> **Available data**:
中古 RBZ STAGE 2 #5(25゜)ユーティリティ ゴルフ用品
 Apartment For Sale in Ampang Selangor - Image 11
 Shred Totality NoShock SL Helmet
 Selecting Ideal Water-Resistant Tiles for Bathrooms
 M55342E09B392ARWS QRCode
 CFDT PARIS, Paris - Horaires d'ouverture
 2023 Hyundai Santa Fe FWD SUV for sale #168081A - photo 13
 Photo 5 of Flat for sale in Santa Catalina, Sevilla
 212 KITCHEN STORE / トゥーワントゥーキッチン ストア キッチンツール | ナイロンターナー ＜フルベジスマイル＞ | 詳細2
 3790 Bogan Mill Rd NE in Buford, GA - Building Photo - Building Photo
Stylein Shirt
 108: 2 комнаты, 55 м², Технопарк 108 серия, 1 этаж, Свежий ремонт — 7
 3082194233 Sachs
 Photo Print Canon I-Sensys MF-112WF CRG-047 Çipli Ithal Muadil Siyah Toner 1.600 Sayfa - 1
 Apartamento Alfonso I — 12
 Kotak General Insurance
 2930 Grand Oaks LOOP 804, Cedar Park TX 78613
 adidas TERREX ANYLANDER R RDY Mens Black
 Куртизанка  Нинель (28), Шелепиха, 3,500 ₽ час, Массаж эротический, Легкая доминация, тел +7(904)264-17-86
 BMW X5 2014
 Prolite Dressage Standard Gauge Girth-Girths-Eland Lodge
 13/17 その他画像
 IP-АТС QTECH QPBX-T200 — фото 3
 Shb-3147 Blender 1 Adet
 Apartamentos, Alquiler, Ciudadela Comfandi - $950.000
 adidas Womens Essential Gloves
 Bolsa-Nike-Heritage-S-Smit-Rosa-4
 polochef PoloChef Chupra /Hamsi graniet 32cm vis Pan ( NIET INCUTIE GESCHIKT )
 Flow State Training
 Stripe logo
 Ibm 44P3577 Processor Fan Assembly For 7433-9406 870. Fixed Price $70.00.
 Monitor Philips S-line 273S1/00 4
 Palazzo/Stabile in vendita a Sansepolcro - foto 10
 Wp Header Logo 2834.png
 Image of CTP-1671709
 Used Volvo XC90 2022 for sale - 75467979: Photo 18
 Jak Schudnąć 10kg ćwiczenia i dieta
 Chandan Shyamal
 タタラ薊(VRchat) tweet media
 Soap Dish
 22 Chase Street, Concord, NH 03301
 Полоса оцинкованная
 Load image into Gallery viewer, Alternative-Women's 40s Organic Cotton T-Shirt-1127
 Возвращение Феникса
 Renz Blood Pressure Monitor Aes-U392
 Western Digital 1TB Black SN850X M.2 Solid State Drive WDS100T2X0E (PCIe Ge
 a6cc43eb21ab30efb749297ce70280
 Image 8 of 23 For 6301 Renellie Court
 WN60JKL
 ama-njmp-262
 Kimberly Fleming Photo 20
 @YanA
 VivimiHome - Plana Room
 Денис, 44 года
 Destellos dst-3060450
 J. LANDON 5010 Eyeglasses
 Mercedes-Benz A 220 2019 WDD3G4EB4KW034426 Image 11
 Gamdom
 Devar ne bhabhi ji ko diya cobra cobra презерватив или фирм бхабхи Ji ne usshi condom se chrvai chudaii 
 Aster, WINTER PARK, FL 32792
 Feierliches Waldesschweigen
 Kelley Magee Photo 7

> **What this task involves**: Return exactly the lines from the one containing "Полоса оцинкованная" to the last line of the data, and nothing more.

> **Response area**:
 Полоса оцинкованная
 Load image into Gallery viewer, Alternative-Women's 40s Organic Cotton T-Shirt-1127
 Возвращение Феникса
 Renz Blood Pressure Monitor Aes-U392
 Western Digital 1TB Black SN850X M.2 Solid State Drive WDS100T2X0E (PCIe Ge
 a6cc43eb21ab30efb749297ce70280
 Image 8 of 23 For 6301 Renellie Court
 WN60JKL
 ama-njmp-262
 Kimberly Fleming Photo 20
 @YanA
 VivimiHome - Plana Room
 Денис, 44 года
 Destellos dst-3060450
 J. LANDON 5010 Eyeglasses
 Mercedes-Benz A 220 2019 WDD3G4EB4KW034426 Image 11
 Gamdom
 Devar ne bhabhi ji ko diya cobra cobra презерватив или фирм бхабхи Ji ne usshi condom se chrvai chudaii 
 Aster, WINTER PARK, FL 32792
 Feierliches Waldesschweigen
 Kelley Magee Photo 7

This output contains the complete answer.